▶ **WORK INSTRUCTION**
All that is asked is a faithful reproduction of the entries.

▶ **DATASET EXTRACT**
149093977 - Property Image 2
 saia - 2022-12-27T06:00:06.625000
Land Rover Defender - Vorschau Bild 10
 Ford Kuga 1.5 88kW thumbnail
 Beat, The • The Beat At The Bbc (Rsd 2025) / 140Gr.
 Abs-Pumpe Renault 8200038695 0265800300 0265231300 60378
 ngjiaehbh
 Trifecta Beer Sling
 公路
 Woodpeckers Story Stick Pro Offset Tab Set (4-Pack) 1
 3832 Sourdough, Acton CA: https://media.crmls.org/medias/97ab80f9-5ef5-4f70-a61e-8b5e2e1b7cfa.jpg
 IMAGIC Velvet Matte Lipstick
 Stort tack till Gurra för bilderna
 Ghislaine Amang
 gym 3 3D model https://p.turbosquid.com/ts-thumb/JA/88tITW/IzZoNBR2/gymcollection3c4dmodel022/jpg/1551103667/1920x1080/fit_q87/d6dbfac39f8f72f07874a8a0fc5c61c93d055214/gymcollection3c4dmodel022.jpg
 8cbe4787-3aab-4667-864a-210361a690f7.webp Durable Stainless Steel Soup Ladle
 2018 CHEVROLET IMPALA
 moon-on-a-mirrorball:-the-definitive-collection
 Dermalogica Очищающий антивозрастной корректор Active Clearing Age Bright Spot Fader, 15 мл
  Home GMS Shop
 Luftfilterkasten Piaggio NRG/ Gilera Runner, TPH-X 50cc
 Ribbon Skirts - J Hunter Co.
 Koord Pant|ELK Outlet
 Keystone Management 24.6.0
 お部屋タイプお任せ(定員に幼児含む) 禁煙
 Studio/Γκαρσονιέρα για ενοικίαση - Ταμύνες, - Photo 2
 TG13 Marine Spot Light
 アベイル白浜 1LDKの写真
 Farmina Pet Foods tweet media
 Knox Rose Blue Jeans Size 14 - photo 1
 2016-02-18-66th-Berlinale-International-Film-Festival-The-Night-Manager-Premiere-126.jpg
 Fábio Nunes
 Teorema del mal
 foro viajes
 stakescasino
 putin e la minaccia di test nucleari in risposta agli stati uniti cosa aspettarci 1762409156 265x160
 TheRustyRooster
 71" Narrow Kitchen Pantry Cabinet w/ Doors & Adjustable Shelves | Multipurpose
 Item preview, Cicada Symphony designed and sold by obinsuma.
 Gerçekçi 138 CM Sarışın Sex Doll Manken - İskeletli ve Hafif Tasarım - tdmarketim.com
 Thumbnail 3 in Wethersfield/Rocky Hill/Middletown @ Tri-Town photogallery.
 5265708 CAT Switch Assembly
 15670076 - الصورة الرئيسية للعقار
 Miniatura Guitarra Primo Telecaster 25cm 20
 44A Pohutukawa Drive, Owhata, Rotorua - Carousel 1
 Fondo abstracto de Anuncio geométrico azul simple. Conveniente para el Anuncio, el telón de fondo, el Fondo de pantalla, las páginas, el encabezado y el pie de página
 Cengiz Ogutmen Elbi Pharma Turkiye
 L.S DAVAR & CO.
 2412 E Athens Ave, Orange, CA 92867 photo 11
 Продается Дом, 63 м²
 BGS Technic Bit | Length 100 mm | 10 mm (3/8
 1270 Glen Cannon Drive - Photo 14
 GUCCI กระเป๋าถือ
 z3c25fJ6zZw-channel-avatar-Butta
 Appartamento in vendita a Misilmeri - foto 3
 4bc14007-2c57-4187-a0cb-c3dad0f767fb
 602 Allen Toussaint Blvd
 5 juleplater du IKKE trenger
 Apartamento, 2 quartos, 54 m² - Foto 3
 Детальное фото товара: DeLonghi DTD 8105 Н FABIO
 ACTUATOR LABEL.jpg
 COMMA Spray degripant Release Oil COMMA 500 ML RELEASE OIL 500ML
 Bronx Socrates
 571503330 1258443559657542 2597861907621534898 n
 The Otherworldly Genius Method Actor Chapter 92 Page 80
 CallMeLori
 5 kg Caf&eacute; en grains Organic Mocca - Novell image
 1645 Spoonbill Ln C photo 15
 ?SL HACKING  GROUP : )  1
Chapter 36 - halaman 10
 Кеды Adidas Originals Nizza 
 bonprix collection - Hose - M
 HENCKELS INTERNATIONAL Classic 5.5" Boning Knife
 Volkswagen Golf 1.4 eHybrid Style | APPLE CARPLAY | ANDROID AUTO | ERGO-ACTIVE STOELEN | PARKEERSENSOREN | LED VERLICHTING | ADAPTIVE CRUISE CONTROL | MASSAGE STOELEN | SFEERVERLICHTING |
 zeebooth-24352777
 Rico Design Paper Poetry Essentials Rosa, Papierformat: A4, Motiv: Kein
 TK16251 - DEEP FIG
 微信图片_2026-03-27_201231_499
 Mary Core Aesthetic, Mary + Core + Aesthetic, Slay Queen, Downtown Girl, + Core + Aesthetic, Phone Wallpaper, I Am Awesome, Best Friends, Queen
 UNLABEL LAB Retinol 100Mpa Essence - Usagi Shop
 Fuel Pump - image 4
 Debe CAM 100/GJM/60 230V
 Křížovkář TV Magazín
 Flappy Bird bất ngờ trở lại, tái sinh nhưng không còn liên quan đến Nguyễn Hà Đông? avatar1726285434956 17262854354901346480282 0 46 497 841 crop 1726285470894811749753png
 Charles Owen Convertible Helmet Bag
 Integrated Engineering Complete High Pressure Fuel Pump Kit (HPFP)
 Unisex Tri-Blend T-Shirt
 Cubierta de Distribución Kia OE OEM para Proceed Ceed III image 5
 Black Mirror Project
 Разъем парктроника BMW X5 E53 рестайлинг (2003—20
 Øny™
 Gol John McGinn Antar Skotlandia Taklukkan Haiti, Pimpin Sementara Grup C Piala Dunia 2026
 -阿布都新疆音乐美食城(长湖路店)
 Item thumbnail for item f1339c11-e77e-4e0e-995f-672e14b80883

▶ **ANSWER BELOW**
149093977 - Property Image 2
 saia - 2022-12-27T06:00:06.625000
Land Rover Defender - Vorschau Bild 10
 Ford Kuga 1.5 88kW thumbnail
 Beat, The • The Beat At The Bbc (Rsd 2025) / 140Gr.
 Abs-Pumpe Renault 8200038695 0265800300 0265231300 60378
 ngjiaehbh
 Trifecta Beer Sling
 公路
 Woodpeckers Story Stick Pro Offset Tab Set (4-Pack) 1
 3832 Sourdough, Acton CA: https://media.crmls.org/medias/97ab80f9-5ef5-4f70-a61e-8b5e2e1b7cfa.jpg
 IMAGIC Velvet Matte Lipstick
 Stort tack till Gurra för bilderna
 Ghislaine Amang
 gym 3 3D model https://p.turbosquid.com/ts-thumb/JA/88tITW/IzZoNBR2/gymcollection3c4dmodel022/jpg/1551103667/1920x1080/fit_q87/d6dbfac39f8f72f07874a8a0fc5c61c93d055214/gymcollection3c4dmodel022.jpg
 8cbe4787-3aab-4667-864a-210361a690f7.webp Durable Stainless Steel Soup Ladle
 2018 CHEVROLET IMPALA
 moon-on-a-mirrorball:-the-definitive-collection
 Dermalogica Очищающий антивозрастной корректор Active Clearing Age Bright Spot Fader, 15 мл
  Home GMS Shop
 Luftfilterkasten Piaggio NRG/ Gilera Runner, TPH-X 50cc
 Ribbon Skirts - J Hunter Co.
 Koord Pant|ELK Outlet
 Keystone Management 24.6.0
 お部屋タイプお任せ(定員に幼児含む) 禁煙
 Studio/Γκαρσονιέρα για ενοικίαση - Ταμύνες, - Photo 2
 TG13 Marine Spot Light
 アベイル白浜 1LDKの写真
 Farmina Pet Foods tweet media
 Knox Rose Blue Jeans Size 14 - photo 1
 2016-02-18-66th-Berlinale-International-Film-Festival-The-Night-Manager-Premiere-126.jpg
 Fábio Nunes
 Teorema del mal
 foro viajes
 stakescasino
 putin e la minaccia di test nucleari in risposta agli stati uniti cosa aspettarci 1762409156 265x160
 TheRustyRooster
 71" Narrow Kitchen Pantry Cabinet w/ Doors & Adjustable Shelves | Multipurpose
 Item preview, Cicada Symphony designed and sold by obinsuma.
 Gerçekçi 138 CM Sarışın Sex Doll Manken - İskeletli ve Hafif Tasarım - tdmarketim.com
 Thumbnail 3 in Wethersfield/Rocky Hill/Middletown @ Tri-Town photogallery.
 5265708 CAT Switch Assembly
 15670076 - الصورة الرئيسية للعقار
 Miniatura Guitarra Primo Telecaster 25cm 20
 44A Pohutukawa Drive, Owhata, Rotorua - Carousel 1
 Fondo abstracto de Anuncio geométrico azul simple. Conveniente para el Anuncio, el telón de fondo, el Fondo de pantalla, las páginas, el encabezado y el pie de página
 Cengiz Ogutmen Elbi Pharma Turkiye
 L.S DAVAR & CO.
 2412 E Athens Ave, Orange, CA 92867 photo 11
 Продается Дом, 63 м²
 BGS Technic Bit | Length 100 mm | 10 mm (3/8
 1270 Glen Cannon Drive - Photo 14
 GUCCI กระเป๋าถือ
 z3c25fJ6zZw-channel-avatar-Butta
 Appartamento in vendita a Misilmeri - foto 3
 4bc14007-2c57-4187-a0cb-c3dad0f767fb
 602 Allen Toussaint Blvd
 5 juleplater du IKKE trenger
 Apartamento, 2 quartos, 54 m² - Foto 3
 Детальное фото товара: DeLonghi DTD 8105 Н FABIO
 ACTUATOR LABEL.jpg
 COMMA Spray degripant Release Oil COMMA 500 ML RELEASE OIL 500ML
 Bronx Socrates
 571503330 1258443559657542 2597861907621534898 n
 The Otherworldly Genius Method Actor Chapter 92 Page 80
 CallMeLori
 5 kg Caf&eacute; en grains Organic Mocca - Novell image
 1645 Spoonbill Ln C photo 15
 ?SL HACKING  GROUP : )  1
Chapter 36 - halaman 10
 Кеды Adidas Originals Nizza 
 bonprix collection - Hose - M
 HENCKELS INTERNATIONAL Classic 5.5" Boning Knife
 Volkswagen Golf 1.4 eHybrid Style | APPLE CARPLAY | ANDROID AUTO | ERGO-ACTIVE STOELEN | PARKEERSENSOREN | LED VERLICHTING | ADAPTIVE CRUISE CONTROL | MASSAGE STOELEN | SFEERVERLICHTING |
 zeebooth-24352777
 Rico Design Paper Poetry Essentials Rosa, Papierformat: A4, Motiv: Kein
 TK16251 - DEEP FIG
 微信图片_2026-03-27_201231_499
 Mary Core Aesthetic, Mary + Core + Aesthetic, Slay Queen, Downtown Girl, + Core + Aesthetic, Phone Wallpaper, I Am Awesome, Best Friends, Queen
 UNLABEL LAB Retinol 100Mpa Essence - Usagi Shop
 Fuel Pump - image 4
 Debe CAM 100/GJM/60 230V
 Křížovkář TV Magazín
 Flappy Bird bất ngờ trở lại, tái sinh nhưng không còn liên quan đến Nguyễn Hà Đông? avatar1726285434956 17262854354901346480282 0 46 497 841 crop 1726285470894811749753png
 Charles Owen Convertible Helmet Bag
 Integrated Engineering Complete High Pressure Fuel Pump Kit (HPFP)
 Unisex Tri-Blend T-Shirt
 Cubierta de Distribución Kia OE OEM para Proceed Ceed III image 5
 Black Mirror Project
 Разъем парктроника BMW X5 E53 рестайлинг (2003—20
 Øny™
 Gol John McGinn Antar Skotlandia Taklukkan Haiti, Pimpin Sementara Grup C Piala Dunia 2026
 -阿布都新疆音乐美食城(长湖路店)
 Item thumbnail for item f1339c11-e77e-4e0e-995f-672e14b80883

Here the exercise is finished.